But the team behind The Stanley Hotel and Visit Estes Park rallied to keep Frozen Dead Guy Days Alive. This year, it will be held March 17-19. You can buy tickets and book lodging packages online on the Frozen Dead Guy Days website.
The Royal Blue Ball will take place at The Stanley on March 17 and will feature performances from The Polis Ambassador, Eddie Roberts & Friends and Evanoff. On the same day, a welcome party will take place at Bond Park featuring A-Mac & The Height, as well as Chain Station.
The festivities will continue on March 18 at the Estes Park Events Complex with performances by Break Science, the Kyle Hollingsworth Band, Magic Beans, Bill & Jillian Nershi featuring Jason Hann, A-Mac & The Height, Toubab Krewe, Cycles, Tenth Mountain Division, Drunken Hearts, Shakedown Street, Tejon Street Corner Thieves, Banshee Tree, Brothers of Brass, Flash Mountain Flood, The Pamlico Sound and Living Room Band.
Other events throughout the weekend include coffin races, a fashion show, a brain freeze contest, a frozen t-shirt contest, frozen head bowling, a polar plunge, psychic readings, haunted tours, a ghost hunt and a Sunday brunch, to name a few. There will also be tons of food trucks, plus after-parties at various bars in Estes.
If you never made it up to Nederland for Frozen Dead Guy Days, or you could just a refresher on the story behind this quirky festival, here’s the gist. A Norwegian named Bredo Morstoel, aka Grandpa Bredo, died of a heart condition in 1989. His family covered his corpse in dry ice and shipped it to a California cryonics facility, where he was frozen in liquid nitrogen.
Four years later, they once again moved his frozen body, this time to Colorado. Grandpa Bredo’s Colorado-based daughter Aud Morstoel and his grandson Trygve Bauge both strongly believed that cryonics—freezing dead bodies in the hopes that they could someday be revived—were the wave of the future; they even hoped to someday open their own cryonics facility. The corpse stayed, on ice, in a shed for many years near Bauge’s home in Nederland.

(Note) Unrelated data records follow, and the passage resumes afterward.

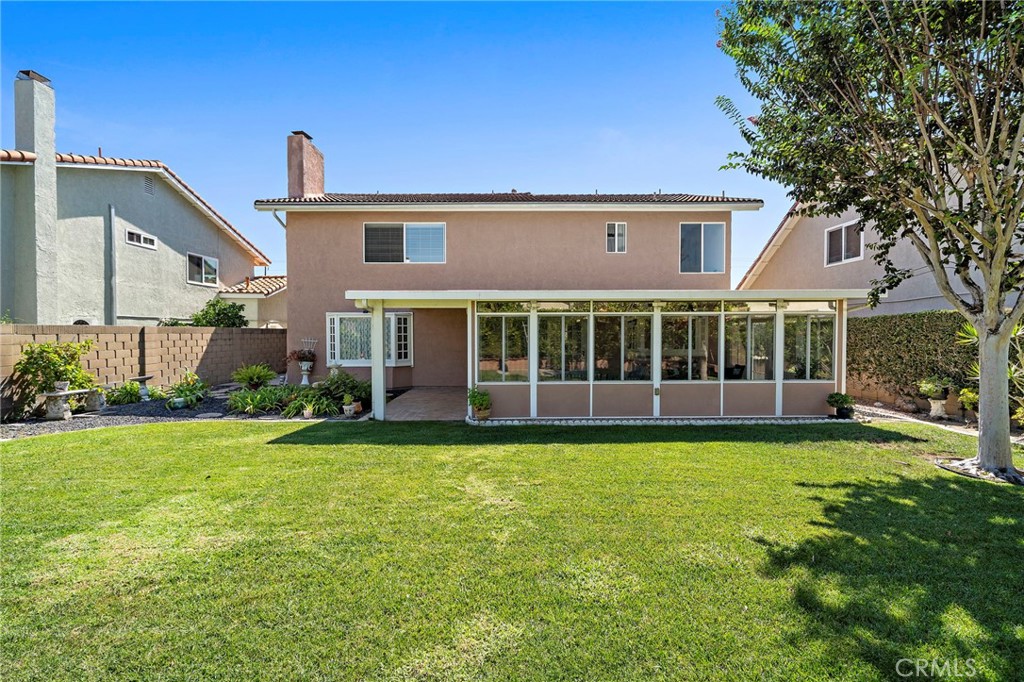 Rear view of the home and expansive lawn - 9115 McBride River Avenue, Fountain Valley CA 92708 - photo 45
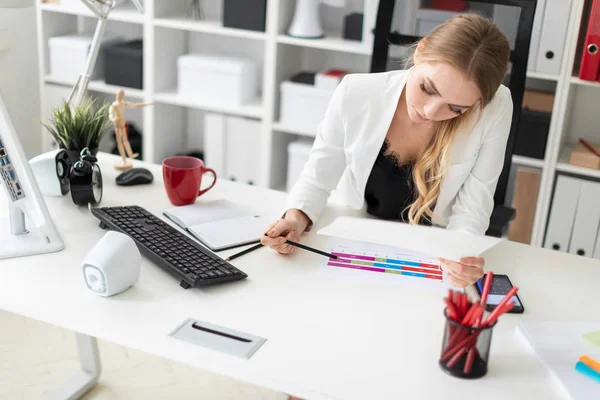 Een jong meisje zit aan de balie van de computer in het kantoor, houdt een potlood in haar hand en werken met documenten. — Stockfoto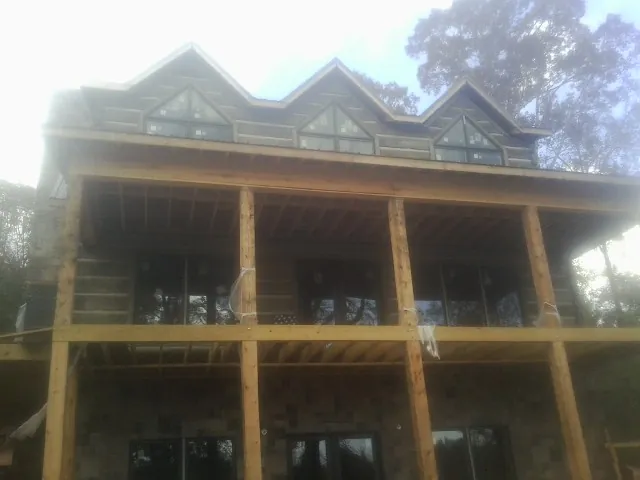 Dormers and porch framing on a large log home under construction — Roof Coating work by our crew in Mongo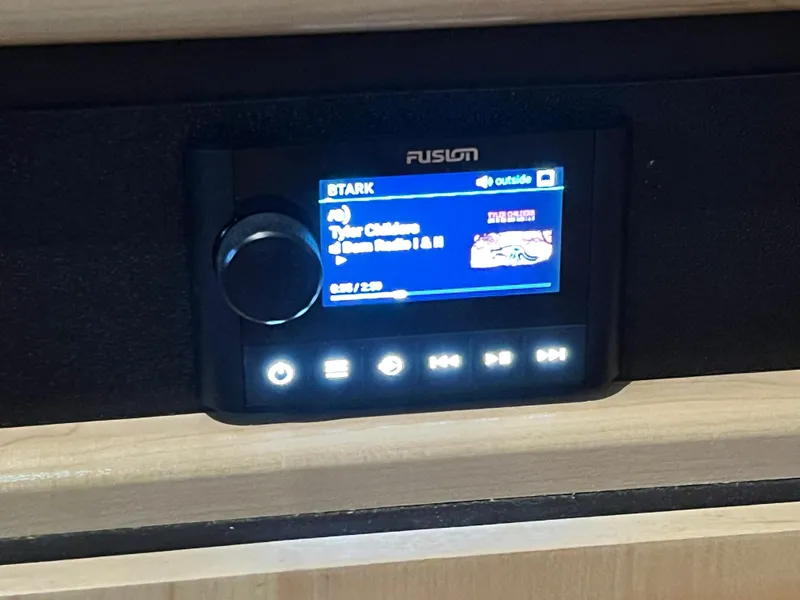 Slide: The Image of Fusion stereo system displaying music on Carver 405 Aft Cabin, 1998 model. - 42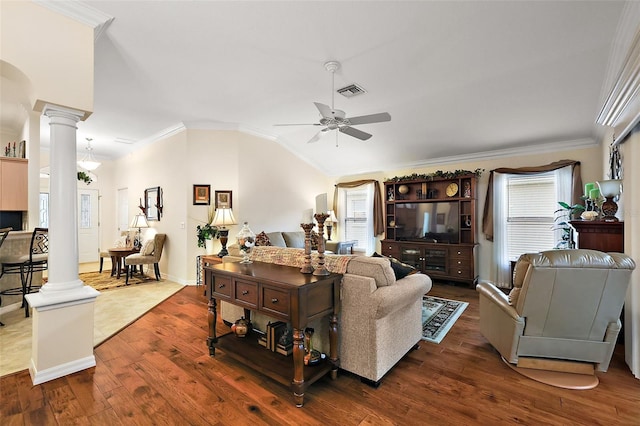 living area with ornate columns, dark wood finished floors, ceiling fan, and ornamental molding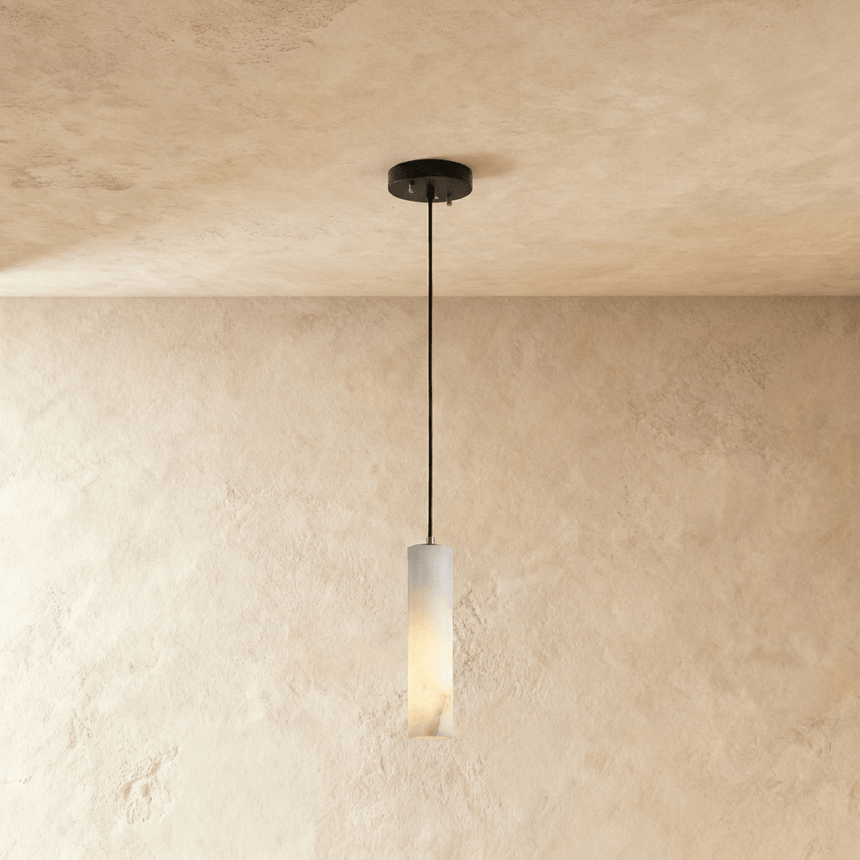 One lit alabaster cylinder on a single black cord below a small plate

Because of a visa issue in the mid-1990s, Bauge had to move out of the country and could no longer take care of Grandpa Bredo’s frozen body. Aud Morstoel stepped in to help. The city tried to evict Aud Morstoel for living in a home with no plumbing or electricity and, understandably, she worried that if she had to move out of her home, Grandpa Bredo’s corpse would defrost. Well, the city found out about Grandpa Bredo’s body, too, and told Aud Morstoel she needed to get rid of it.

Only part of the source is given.